Cuando éramos chiquititos tú y yo coincidimos en aquellas clases donde el retrato de Franco y el crucifijo colgaban vigilantes encima de la pizarra ¿Te acuerdas cómo nos pegaban los maestros cuando no nos sabíamos la lección o contraveníamos sus normas?
A principios de los ochenta volvimos a encontrarnos después de unos años apartados el uno del otro. Y nos unió una afición común: la radio. A ti, como te gustaba tanto experimentar con cables, te designaron “técnico de control”, y a mí locutor (aunque había un “mando” que decía que yo nunca serviría para ese medio, ¡qué cosas!). Durante un verano hacíamos un programa “de miedo”. Nosotros sí que pasábamos miedo contando historias que no sabíamos si alguien escuchaba al otro lado.
Tanto nos metimos en el papel de periodistas que seguimos las revueltas jornaleras del 83 y 84 poniendo incluso en riesgo nuestra integridad física. Pero disfrutábamos. ¿Te acuerdas cuando fuimos a Cantillana en autobús, el hambre que pasamos? ¿Y que cuando volvimos te habían robado la moto de la puerta de la biblioteca? Aparecería días después.
También estábamos metidos en el Club de Vídeo de Lora. Y una madrugada nos quedamos viendo videoclips musicales. Y nos enamoramos perdidamente de la escocesa Maggie Reilly (Mayi Rili), en una de las canciones de Mike Oldfield. ¿Te acuerdas que nos quedamos sin fuego e intentamos vanamente encender el Ducados en un radiador de aceite?
Nos gustaba la música. Una noche nos fuimos junto a las vías del tren con una litrona del Jumilla (aún no existía la “botellona”). Y cantábamos canciones de Triana. Nunca nuestras drogas fueron más allá del Ducados, la cerveza y la música.

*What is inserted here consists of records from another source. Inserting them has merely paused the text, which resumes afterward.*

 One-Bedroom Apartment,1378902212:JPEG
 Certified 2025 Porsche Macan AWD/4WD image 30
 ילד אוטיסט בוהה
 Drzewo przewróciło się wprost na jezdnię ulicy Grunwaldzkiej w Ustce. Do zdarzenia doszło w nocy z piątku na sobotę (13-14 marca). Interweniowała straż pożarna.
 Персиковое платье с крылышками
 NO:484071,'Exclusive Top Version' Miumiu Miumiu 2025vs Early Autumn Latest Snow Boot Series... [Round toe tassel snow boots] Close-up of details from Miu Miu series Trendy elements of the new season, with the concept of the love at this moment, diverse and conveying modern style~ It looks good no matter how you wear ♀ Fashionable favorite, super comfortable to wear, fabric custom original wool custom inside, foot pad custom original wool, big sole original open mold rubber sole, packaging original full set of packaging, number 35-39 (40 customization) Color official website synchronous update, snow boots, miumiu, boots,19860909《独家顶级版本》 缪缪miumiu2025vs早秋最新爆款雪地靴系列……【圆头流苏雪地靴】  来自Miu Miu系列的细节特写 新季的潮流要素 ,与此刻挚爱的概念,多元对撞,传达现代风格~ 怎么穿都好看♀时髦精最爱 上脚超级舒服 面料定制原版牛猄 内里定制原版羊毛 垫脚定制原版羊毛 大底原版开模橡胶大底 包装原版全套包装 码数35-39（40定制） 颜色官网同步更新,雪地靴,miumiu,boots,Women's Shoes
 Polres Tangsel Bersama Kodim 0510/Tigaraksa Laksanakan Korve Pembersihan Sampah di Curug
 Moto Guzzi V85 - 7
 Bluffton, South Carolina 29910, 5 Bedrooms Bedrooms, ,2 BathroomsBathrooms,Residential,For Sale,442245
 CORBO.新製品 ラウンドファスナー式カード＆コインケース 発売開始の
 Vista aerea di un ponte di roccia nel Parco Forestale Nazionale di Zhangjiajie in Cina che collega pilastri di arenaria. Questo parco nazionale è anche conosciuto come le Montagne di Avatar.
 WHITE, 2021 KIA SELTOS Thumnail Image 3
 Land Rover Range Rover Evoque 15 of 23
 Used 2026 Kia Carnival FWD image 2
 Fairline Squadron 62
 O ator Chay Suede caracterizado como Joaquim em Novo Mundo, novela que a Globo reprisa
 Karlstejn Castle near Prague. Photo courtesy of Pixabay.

¿Y te acuerdas de aquella Navidad en la que salimos sin un duro en el bolsillo? No pudimos entrar en la discoteca Zero (la que estaba de moda entonces). De vuelta en la moto para casa, tú viste un billete de 500 pesetas en el suelo, que parecía gritarnos “¡gastadme!”. Nos volvimos para la discoteca y allí estuvimos toda la noche. Por la mañana fuimos a desayunar al bar de La Portuguesa. Con lo que nos quedó de las 500 pesetas compramos algún recibo de lotería de la Virgen ¡y nos tocó el reintegro!
Con los años, tú te echaste novia. Yo me separé de la mía y regenté una discoteca en Tocina. Nos fuimos andando desde Los Rosales a Tocina y de Tocina a Rosales, charlando, haciendo planes de futuro y engordando el cuento de la lechera.
Luego nos dio por meternos a radioaficionados. Tú eras “Cocoliso” y yo “Delta5”. Descubrimos un mundo nuevo que nos proporcionó amigos anónimos en lugares remotos del planeta.
Yo rehice mi vida con mi novia. Nos casamos y nos fuimos a vivir muy cerca de tu piso. El segundo de mis hijos nació con problemas de salud, y más de una vez tuviste que coger tu coche para llevarnos al médico. Jamás pediste nada a cambio.
Por las cosas del destino me compré una casa cerca de Sevilla. Tú me insistías en ponerme la instalación de lámparas y luces. Quedamos un día de junio de 1993. La noche antes pasé por tu casa y Filli me dijo que aún no habías vuelto, que estábais terminando. Al día siguiente, mi madre me dijo que un chico de la calle Matallana se había matado con el tractor. Un frío punzante como alfileres recorrió mis venas (igual que ahora que lo rememoro). Corrí para tu casa. No había nadie. Pregunté a unas vecinas…, y me confirmaron la tragedia. Mi mujer y yo fuimos a casa de tus padres. Y no pude más. Me salí al patio, y lloré. Fuera, en la calle, me dejé caer sobre el capó del coche y me deshice en lágrimas. Ya no vería más a mi amigo Emilio, el Cocoliso, el Patito Feo, el hijo del Bailaor…
Desde entonces, creo que ningún primero de noviembre faltan mis flores en la tumba de mi padre, en la de mi hermano…, y en la de Emilio Osuna Carrera.